WHAT TO PRODUCE -
Produce a faithful copy of every record below, without the pictures.

SOURCE RECORDS -
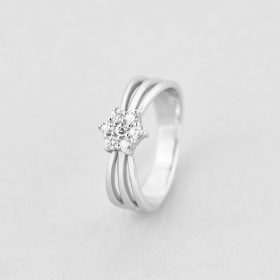 Кольцо в виде цветка серебро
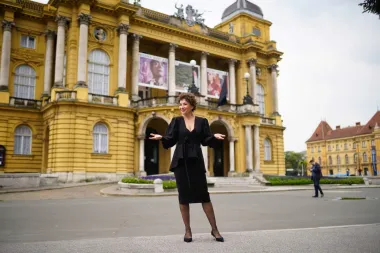 Ecija Ojdanić performansom najavila najizvođeniju kazališnu predstavu u Hrvatskoj u proteklih godinu dana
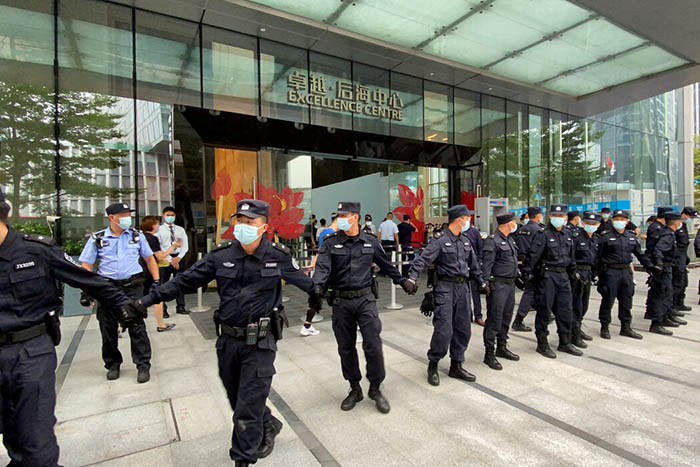深圳恒大总部外的保安人员,摄于2021年。投资者聚集在那里,要求偿还贷款和金融产品。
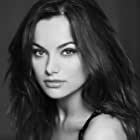 Christina Ochoa به عنوان Emilia Fitzgerald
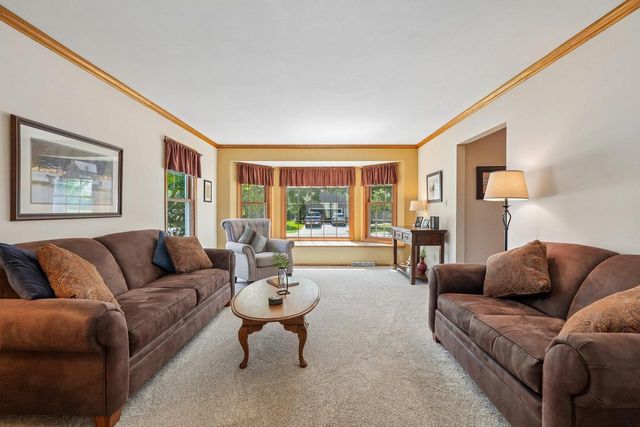 306 W Juniper DRIVE, Grafton, WI 53024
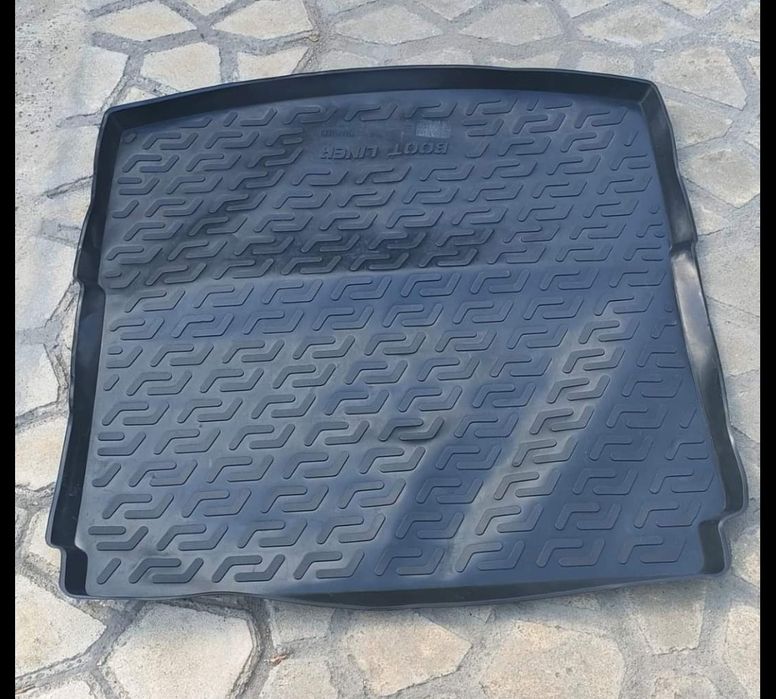 Tavita portbagaj pentru Renault Talisman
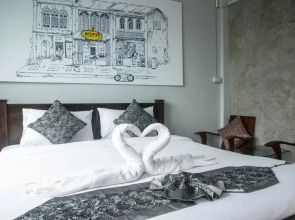 Beehive Phuket Old Town - Hostel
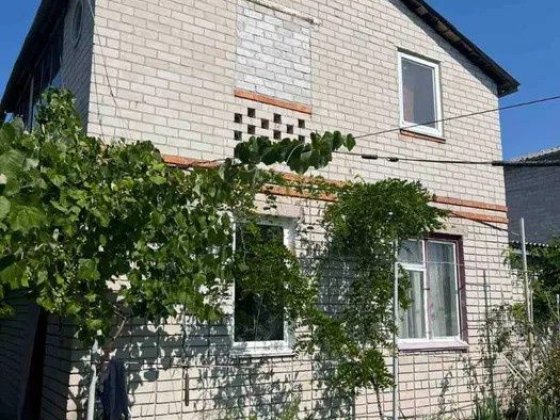 Продам дом -дачу в Новоселовке Новоселівка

THE COMPLETED TASK -
 Кольцо в виде цветка серебро
 Ecija Ojdanić performansom najavila najizvođeniju kazališnu predstavu u Hrvatskoj u proteklih godinu dana
深圳恒大总部外的保安人员,摄于2021年。投资者聚集在那里,要求偿还贷款和金融产品。
 Christina Ochoa به عنوان Emilia Fitzgerald
 306 W Juniper DRIVE, Grafton, WI 53024
 Tavita portbagaj pentru Renault Talisman
 Beehive Phuket Old Town - Hostel
 Продам дом -дачу в Новоселовке Новоселівка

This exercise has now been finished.